Re: Ligatures in Turkish and Azeri, was: Accented ij ligatures

From: Philippe Verdy (
Date: Thu Jul 10 2003 - 13:39:32 EDT

  • Next message: Kenneth Whistler: "Re: Ligatures in Turkish and Azeri, was: Accented ij ligatures"

    On Thursday, July 10, 2003 6:42 PM, Peter Kirk <> wrote:

    > Anyway, I understood from the recent discussion of Hebrew that it is
    > Unicode policy not to do anything which could theoretically invalidate
    > existing text even if it could be proved that no such text existed.

    Where does the fact of saying that a Grapheme Disjoiner can be used in Turkish to avoid that the f collapses the dot above a next lowercase i?
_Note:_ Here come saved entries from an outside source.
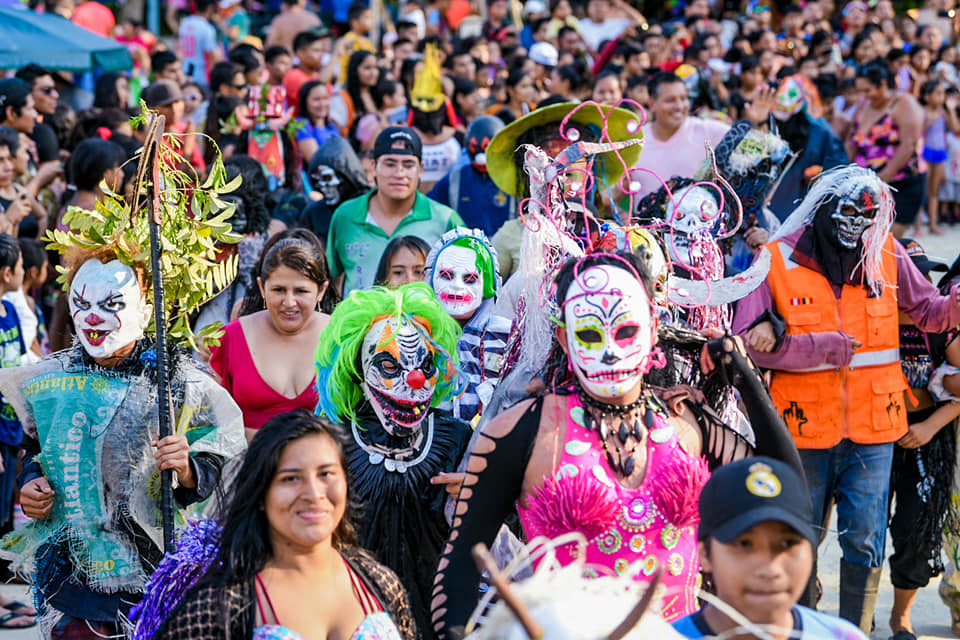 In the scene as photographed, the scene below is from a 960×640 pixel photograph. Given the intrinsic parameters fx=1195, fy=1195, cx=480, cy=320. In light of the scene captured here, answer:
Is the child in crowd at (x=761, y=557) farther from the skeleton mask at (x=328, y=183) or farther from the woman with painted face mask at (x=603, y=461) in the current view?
the skeleton mask at (x=328, y=183)

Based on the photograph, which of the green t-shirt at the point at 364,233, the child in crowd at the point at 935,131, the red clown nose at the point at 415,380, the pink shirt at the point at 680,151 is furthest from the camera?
the child in crowd at the point at 935,131

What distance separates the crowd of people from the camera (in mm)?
2889

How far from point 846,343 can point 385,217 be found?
277 centimetres

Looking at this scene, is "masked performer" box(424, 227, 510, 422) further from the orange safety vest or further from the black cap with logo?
the black cap with logo

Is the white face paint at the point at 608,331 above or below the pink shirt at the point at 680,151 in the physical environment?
below

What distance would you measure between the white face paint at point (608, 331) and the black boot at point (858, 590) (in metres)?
2.05

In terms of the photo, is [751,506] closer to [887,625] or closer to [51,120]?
[887,625]

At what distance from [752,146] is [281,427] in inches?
168

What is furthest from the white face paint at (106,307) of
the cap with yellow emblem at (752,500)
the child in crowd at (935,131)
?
the child in crowd at (935,131)

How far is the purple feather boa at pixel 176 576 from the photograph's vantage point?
2.91 meters

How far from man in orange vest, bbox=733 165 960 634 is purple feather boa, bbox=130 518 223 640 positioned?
2.62 m

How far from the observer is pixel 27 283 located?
21.4 feet

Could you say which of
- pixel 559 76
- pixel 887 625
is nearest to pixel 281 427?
pixel 887 625

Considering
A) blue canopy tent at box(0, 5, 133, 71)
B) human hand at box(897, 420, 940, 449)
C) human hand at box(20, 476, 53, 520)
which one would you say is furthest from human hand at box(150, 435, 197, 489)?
blue canopy tent at box(0, 5, 133, 71) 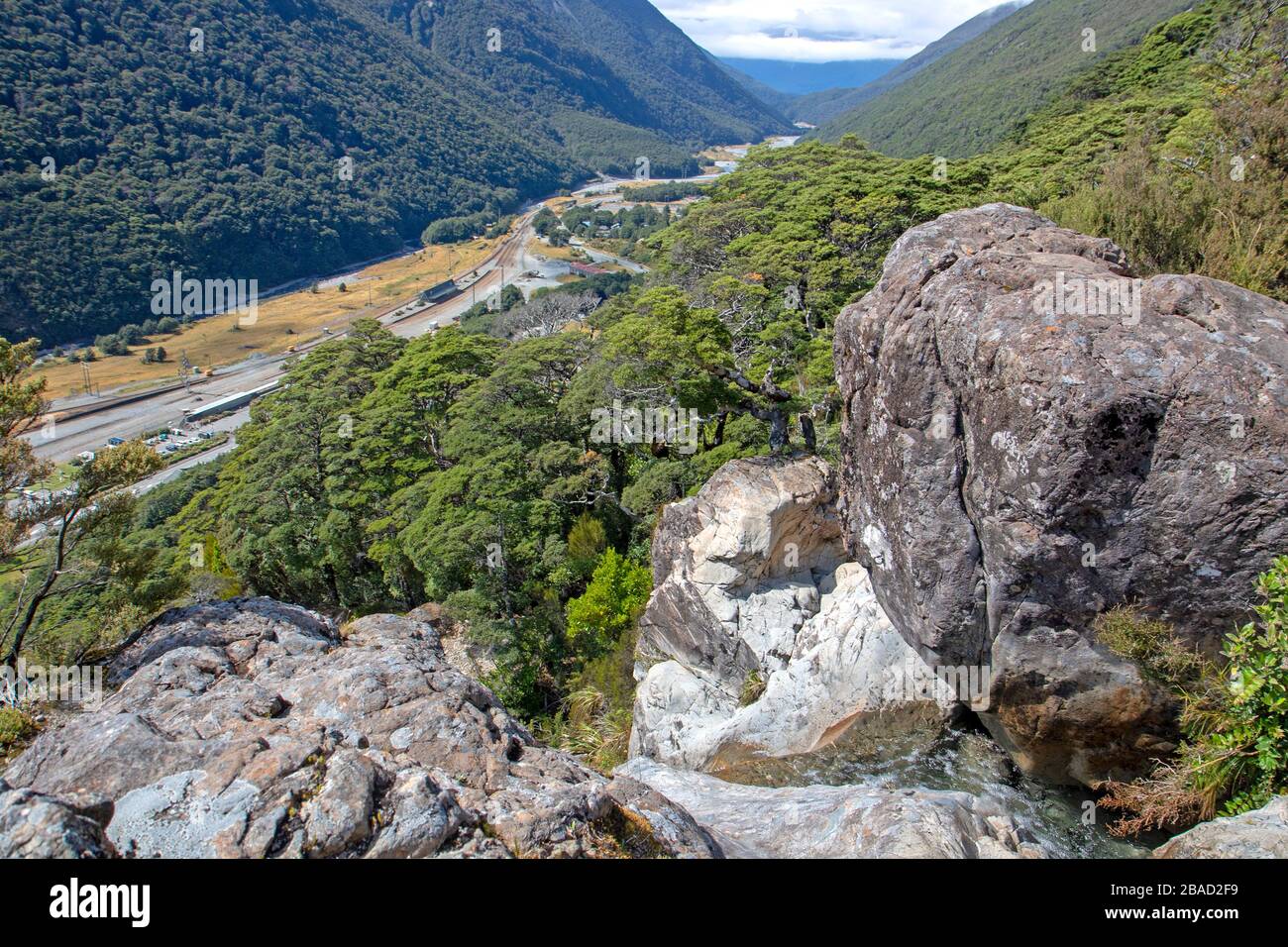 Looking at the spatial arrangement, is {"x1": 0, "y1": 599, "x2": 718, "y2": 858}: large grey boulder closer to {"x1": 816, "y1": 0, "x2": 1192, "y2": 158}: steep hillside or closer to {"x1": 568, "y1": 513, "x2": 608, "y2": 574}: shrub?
{"x1": 568, "y1": 513, "x2": 608, "y2": 574}: shrub

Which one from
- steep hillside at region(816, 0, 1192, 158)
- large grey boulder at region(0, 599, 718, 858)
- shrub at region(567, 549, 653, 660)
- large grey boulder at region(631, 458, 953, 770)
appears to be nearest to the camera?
large grey boulder at region(0, 599, 718, 858)

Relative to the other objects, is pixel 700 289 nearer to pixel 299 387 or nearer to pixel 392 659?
pixel 299 387

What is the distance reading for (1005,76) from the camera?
13650 centimetres

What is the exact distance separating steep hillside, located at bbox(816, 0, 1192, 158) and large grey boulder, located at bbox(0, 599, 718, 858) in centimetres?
9000

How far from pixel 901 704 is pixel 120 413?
281ft

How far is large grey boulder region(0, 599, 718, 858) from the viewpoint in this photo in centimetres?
479

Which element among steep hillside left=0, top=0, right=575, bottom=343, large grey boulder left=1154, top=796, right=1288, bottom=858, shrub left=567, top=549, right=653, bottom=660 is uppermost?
steep hillside left=0, top=0, right=575, bottom=343

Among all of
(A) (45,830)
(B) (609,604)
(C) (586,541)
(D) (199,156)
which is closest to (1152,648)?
(A) (45,830)

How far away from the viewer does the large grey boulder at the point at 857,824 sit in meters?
7.07

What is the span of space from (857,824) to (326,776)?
17.4 ft

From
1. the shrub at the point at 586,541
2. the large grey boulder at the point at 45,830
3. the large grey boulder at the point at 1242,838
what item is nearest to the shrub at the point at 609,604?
the shrub at the point at 586,541

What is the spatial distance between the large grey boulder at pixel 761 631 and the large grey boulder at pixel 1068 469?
49.4 inches

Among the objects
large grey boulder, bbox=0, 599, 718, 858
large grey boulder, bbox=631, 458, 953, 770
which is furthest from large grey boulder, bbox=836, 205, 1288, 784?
large grey boulder, bbox=0, 599, 718, 858

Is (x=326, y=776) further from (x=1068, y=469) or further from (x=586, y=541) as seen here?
(x=586, y=541)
    This does not change anything: existing texts can still produce ligatures in a renderer, unless explicitly said to not do so with a Grapheme Disjoiner, or the renderer is specially tuned to support the Turkish/Azeri languages. Existing texts do not need to be reencoded, if they are already correctly labelled with their language.

    The absence of such language specifier will never forbid a renderer to choose a fi ligature if available, unless these renderers are made conforming by correctly interpreting the Grapheme Disjoiner to mean "break the grapheme cluster here, and display the previous character(s)", then the Grapheme Disjoiner can be rendered itself as a non-spacing empty glyph, then the rest of the string...

    I'm still convinced that a ligature is still possible for a turkish <f, dotted-i> sequence, using <f, i, dot-above>. The ligature would apply to the middle bar of the <f> joined with the top serif of the <i>, but the top-right loop of the f would simply be a small horital bar, disjoined from the dot still present on the i.

    The same ligature could be used for the encoded sequence <f, dotless-i>, so an actual font would render the glyphs for <f, i, dot-above> as a base ligature glyph for <f, dotless-i> (with a top horizontal bar for the <f> part), and add separately the <dot-above> glyph kerned into the existing <f-dotless-i> ligature.

    To force disable this last ligature, we would use the encoded sequence <f, GDJ, dot-less-i>

    According to unicode the sequence <i, dot-above> has always been valid, despite it apparently has the same dotted glyph for all languages. It differs only in the fact that the explicit <dot-above> removes the Soft_Dotted property of the previous <i> to make it dotless, followed by a forced diacritic.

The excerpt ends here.